Alors que l'intelligence artificielle avale toujours plus de puissance de calcul, le calcul photonique émerge comme une alternative prometteuse. En utilisant la lumière plutôt que l'électricité, cette technologie pourrait transformer les data centers en machines plus rapides et bien moins énergivores.
L'intelligence artificielle fait tourner le monde numérique à plein régime, mais elle le fait aussi chauffer. Derrière chaque image générée, chaque conversation automatique ou chaque recommandation algorithmique, des milliards d'opérations mathématiques s'exécutent dans les entrailles des data centers. Et cette course effrénée à la puissance de calcul a un coût : celui de l'électricité. Aux États-Unis, la part des centres de données dans la consommation énergétique pourrait presque doubler d'ici 2028, passant de 6,7 % à 12 % selon une estimation du Lawrence Berkeley National Laboratory. Face à cette trajectoire difficilement soutenable, une technologie refait surface avec des arguments décisifs : le calcul photonique. En remplaçant les électrons par des photons – les particules de lumière – pour effectuer les opérations, cette approche promet une informatique plus rapide et moins gourmande.
Un modèle en quête de souffle
Les architectures électroniques traditionnelles, qui ont porté l'essor de l'intelligence artificielle jusqu'ici, commencent à montrer des signes d'essoufflement. À mesure que les modèles deviennent plus complexes, les processeurs classiques peinent à suivre le rythme, malgré les optimisations continues. Les calculs demandés par les IA modernes reposent sur des opérations hautement parallélisables, mais ces tâches saturent rapidement les capacités thermiques et énergétiques des composants électroniques. Même les cartes graphiques, autrefois championnes de ces calculs, voient leur rendement énergétique stagner. Cette situation crée une tension croissante entre l'ambition des ingénieurs de concevoir des IA toujours plus sophistiquées, et les contraintes physiques des circuits classiques.
Que la lumière soit !
Le calcul photonique repose sur une idée simple, presque poétique : utiliser la lumière pour traiter l'information.

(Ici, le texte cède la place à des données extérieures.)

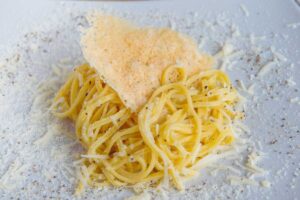tonnarelli pasta con una sfoglia di formaggio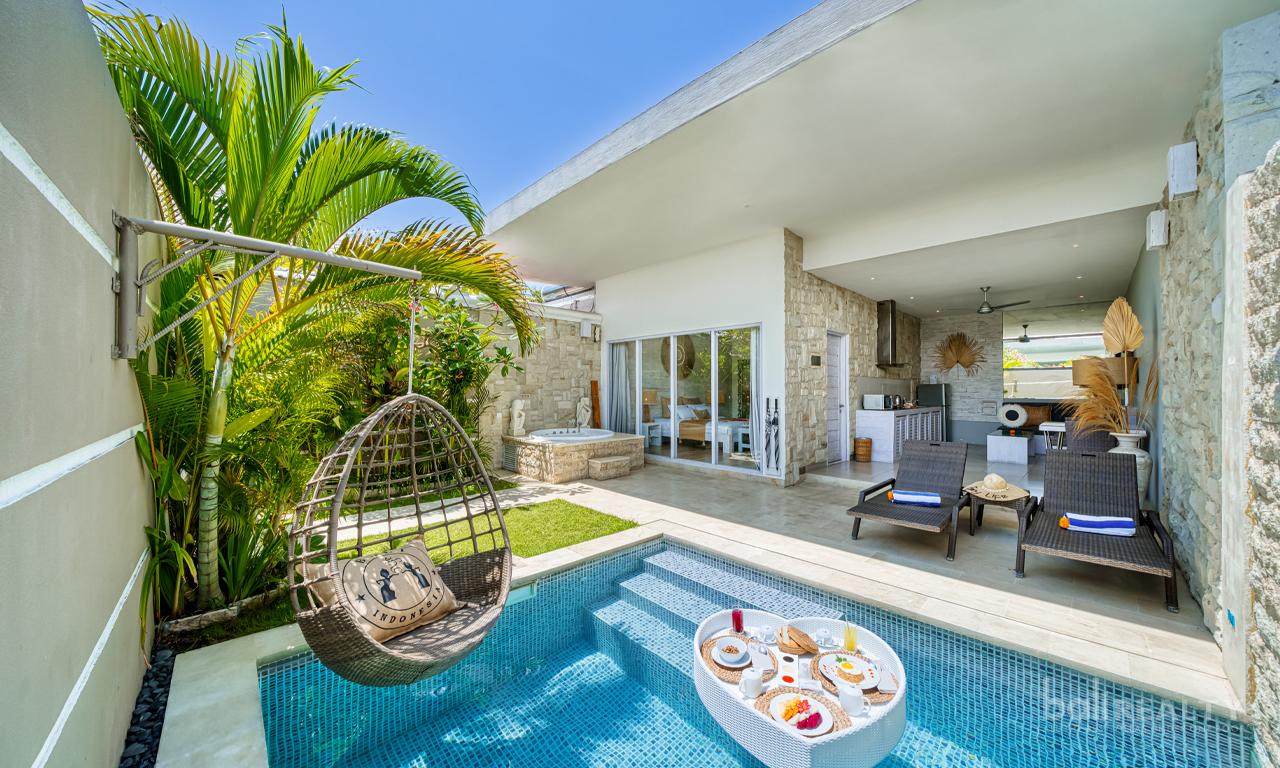Fully Licensed Villa Complex for Sale in Seminyak – 8 Private Pool Villas + 4-Bedroom Residence - 2961 — photo 4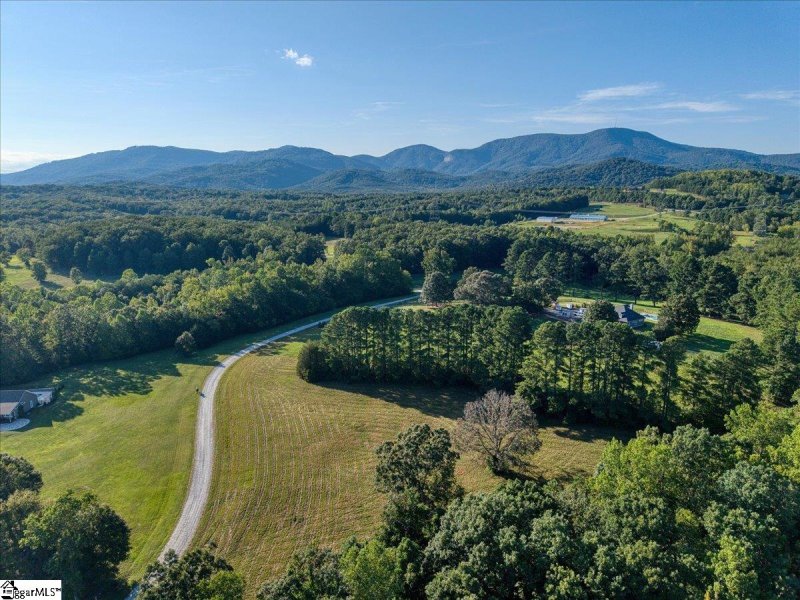 Property image 2 of 54 Stone Cottage Lane in Meadows of Campbell Creek, Landrum, SC 29356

Contrairement aux puces électroniques classiques qui manipulent des électrons à travers des transistors, les puces photoniques font circuler des photons dans des circuits optiques miniaturisés. Ces particules de lumière, qui voyagent naturellement à très grande vitesse et sans générer de chaleur significative, permettent de réaliser certains types de calculs de manière plus fluide et plus rapide. Dans ces systèmes, les données sont d'abord converties en signaux lumineux, acheminées via des guides d'ondes, puis recombinées grâce à des composants comme les interféromètres, avant d'être retransformées en signaux électriques si besoin. Le résultat est une architecture hybride, qui imite la logique de l'électronique tout en profitant des propriétés uniques du rayonnement lumineux.
De la théorie à la pratique
Après des années de recherche théorique et de prototypes limités, le calcul photonique commence à démontrer son potentiel dans des applications concrètes. Deux entreprises issues du MIT, Lightmatter et Lightelligence, ont récemment franchi un cap en publiant dans la revue Nature les résultats de leurs puces photoniques capables de réaliser, à très grande vitesse, des multiplications de matrices — l'opération centrale dans le fonctionnement des réseaux de neurones. Lightelligence a ainsi réussi un calcul d'optimisation en seulement 0,015 microseconde, soit près de 850 fois plus vite qu'un système électronique équivalent. Lightmatter, de son côté, a montré que ses puces pouvaient exécuter jusqu'à 260 000 milliards d'opérations par seconde sur des tâches d'IA réelles, allant de la reconnaissance d'images à l'analyse de texte. Ces démonstrations marquent une étape cruciale : elles prouvent non seulement la viabilité du calcul photonique, mais aussi sa capacité à rivaliser avec, voire dépasser les meilleures puces électroniques actuelles dans certains contextes.